The Garcias were insureds under a homeowner's policy when their adult son intentionally set fire to their home. The home sustained substantial damage, and the Garcias filed a claim under their policy to recover for their loss. The carrier denied the claim, and sued the Garcias. In the lawsuit, the carrier sought a ruling that the policy excluded coverage for intentional acts or criminal conduct of "any insured," and that the Garcia’s adult son was an insured for purposes of applying the exclusion.

The California Supreme Court agreed with the lower courts that, as written, the exclusion precluded the Garcias from recovering.
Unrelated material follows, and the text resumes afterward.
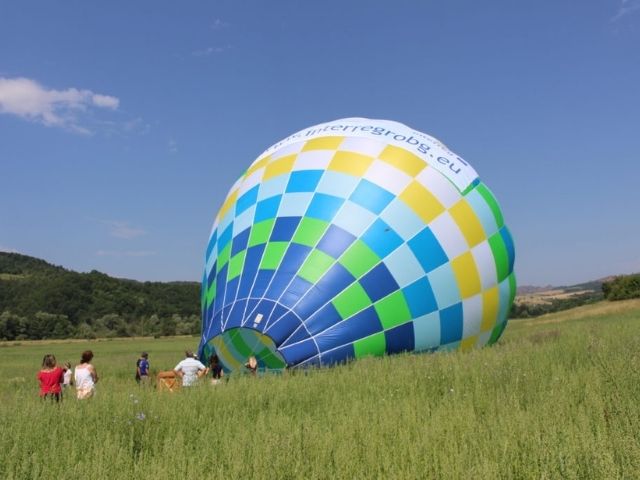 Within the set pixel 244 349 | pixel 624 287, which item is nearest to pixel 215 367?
pixel 244 349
However, the Court further found that the exclusion conflicted with specific provisions of the California Insurance Code and was therefore unenforceable.

The Supreme Court began its analysis with Section 2070 of the California Insurance Code, which provides that all fire insurance policies must be on a standard insurance form unless the coverage being provided is "substantially equivalent" to the coverage provided under the standard form or "more favorable" to the insured. The Court noted that the standard form provisions do not include an express exclusion for losses caused by intentional acts or criminal conduct. The Court of Appeal had concluded that, because the standard form is silent on intentional acts, the Garcia’s policy is not inconsistent with, and thus “substantially equivalent” to, the coverage provided in the standard form, and does not violate Section 2070.

The California Supreme Court, examining the legislative history of Section 2070, disagreed and found that the California Legislature, in enacting Section 2070, had intended to afford coverage to innocent insureds where a co-insured has committed the intentional act. Specifically, the Court held that the standard form must be read to include Insurance Code Section 533, which provides that an insurer is not liable for loss caused by the willful act of "the" insured. The Court further found that the settled meaning of Section 533 is that it does not exclude coverage for "all" insureds but rather protects innocent insureds where a co-insured commits the willful act. Other standard form provisions likewise refer to "the" insured (not "any" insured) and, accordingly, the legislative intent was to preclude coverage only for the insured wrongdoer thereby preserving coverage for innocent insureds. The Court thus concluded that the Garcias’ policy, which purported to exclude coverage for all insureds even where only one insured had engaged in the excluded conduct, was less favorable than the standard form and therefore violated Section 2070.